Ich wollte für ein RPG-Projekt eine FPS anzeige benutzen.

Ich habe auch einen Code gefunden.
Dieser Funktioniert Problemlos! 

Allerdings ist der Code so aufgebaut, dass die FPS-Zahl auf einem Schwarzen Feld gelegt wird.
Dieses schwarze Feld, wollte ich dazu gerne entfernen, und durch eine .png Datei ersetzen, welche durchsichtig ist. 
Also so, das wirklich nur die Zahlen übrig bleiben.

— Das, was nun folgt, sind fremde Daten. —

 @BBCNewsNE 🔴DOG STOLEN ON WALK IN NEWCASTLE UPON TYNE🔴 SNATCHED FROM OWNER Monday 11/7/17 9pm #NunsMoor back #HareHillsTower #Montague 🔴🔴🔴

Ich habe versucht das Script zu verändern, allerdings ohne Erfolg.
Ich nutzte dazu andere vorhande Scripts, um mir einen hergang der Umleitung zusammen reihmen zu können. 
Auch nutze ich bereits Google. Da fand ich dann auch Einträge, wie man Dateien einbindet.
Leider waren die nicht mit dem vorhandenen Code kompatibel. 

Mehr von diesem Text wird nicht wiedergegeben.